The 89 rows above give us a good summary of all the possible itineraries we could take. But how is that dataset ordered? In PostgreSQL 14 the SEARCH option provides a new way to define how our recursive query should behave:

  • If we want to order our trips based on the number of stops, we can use the BREADTH option. We'll see fist the trips involving 0 stops, then the ones involving 1 stop, 2 stops and so on.
  • If we want to order our trips based on the trip path, we can use the DEPTH option. We'll see the journey expanding at each step, e.g. {Rome}-> {Rome->London} -> {Rome->London->Helsinki} until the maximum depth of the journey is found, then it'll explore the consecutive brach of the tree.

To provide an example on our dataset, we just replace the last select * from trip_journey statement with the following:

SEARCH BREADTH FIRST BY city_id SET ordercol
select * from trip_journey order by ordercol limit 15;

We are limiting the query to return only the first 15 rows ( limit 15), this saves in computation since we're not going to scan the whole set of combinations but still enables us to demonstrate the feature. Because we're using the BREADTH option, the resultset is ordered by number of stops.

city_id | trip_id | total_price_in_eur |         journey_stops          | ordercol ---------+---------+--------------------+--------------------------------+----------        0 |         |                  0 | {Rome}                         | (0,0)        1 |       1 |                200 | {Rome,London}                  | (1,1)        2 |       2 |                250 | {Rome,Paris}                   | (1,2)        3 |       3 |                150 | {Rome,Helsinki}                | (1,3)        0 |       4 |                320 | {Rome,London,Rome}             | (2,0)        0 |       9 |                200 | {Rome,Helsinki,Rome}           | (2,0)        0 |       7 |                420 | {Rome,Paris,Rome}              | (2,0)        3 |       5 |                550 | {Rome,London,Helsinki}         | (2,3)        3 |       8 |                570 | {Rome,Paris,Helsinki}          | (2,3)        4 |       6 |                650 | {Rome,London,Barcelona}        | (2,4)        4 |      10 |                270 | {Rome,Helsinki,Barcelona}      | (2,4)        0 |       9 |                600 | {Rome,London,Helsinki,Rome}    | (3,0)        0 |      11 |                300 | {Rome,Helsinki,Barcelona,Rome} | (3,0)        0 |       9 |                620 | {Rome,Paris,Helsinki,Rome}     | (3,0)        0 |      11 |                680 | {Rome,London,Barcelona,Rome}   | (3,0) (15 rows)

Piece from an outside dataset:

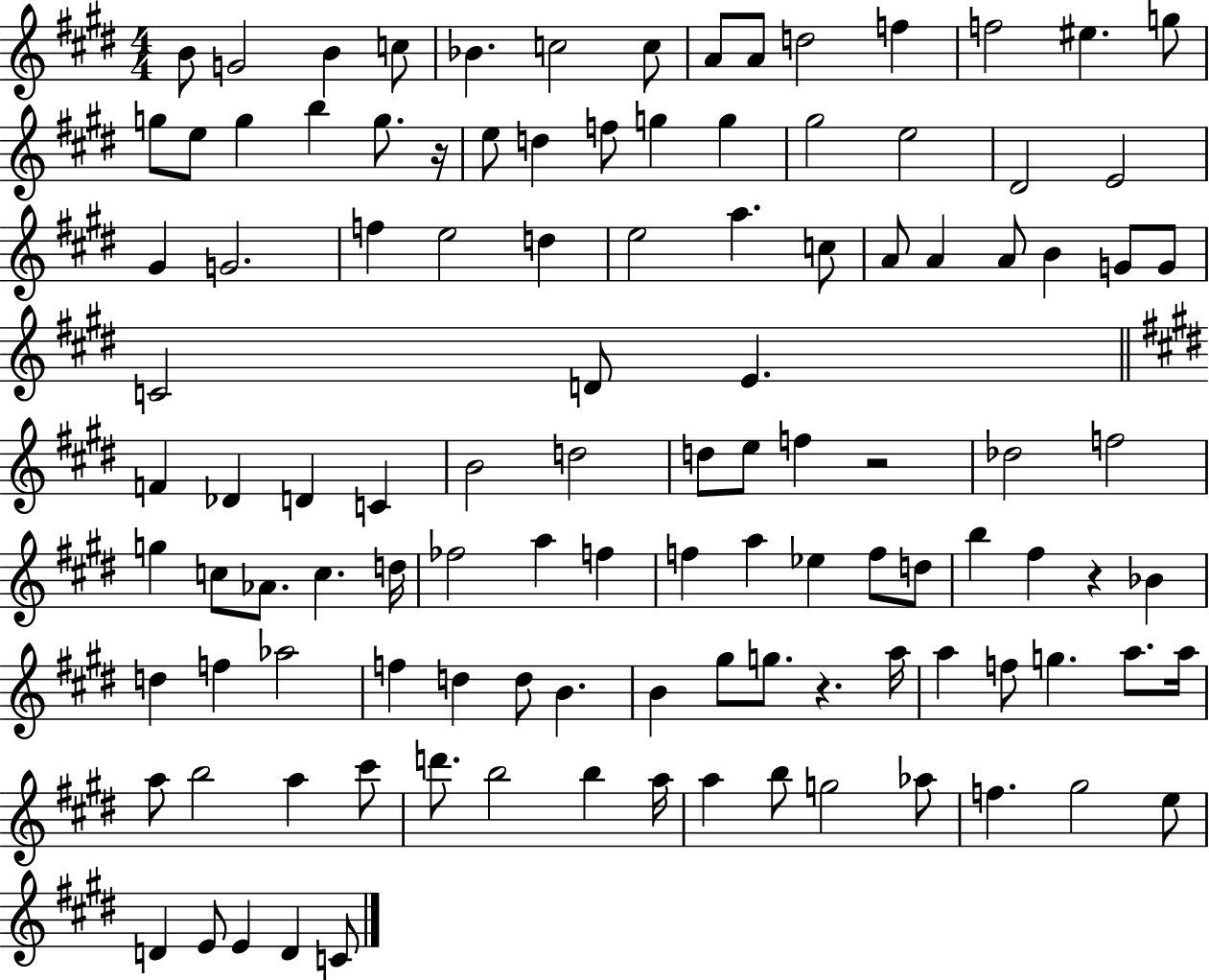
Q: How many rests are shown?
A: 4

The ordercol column contains a tuple (A,B) where the first item represents the level and the second the latest city_id. E.g. (2,0) states that the journey includes two trips, and ends in Rome ( city_id=0), the same information can be found in the journey stops column containing {Rome,Paris,Rome}.

If now we replace the BREADTH clause with DEPTH, we get the first 15 trips ordered by the trip path, exploring with incremental steps how we can gradually increase our journey.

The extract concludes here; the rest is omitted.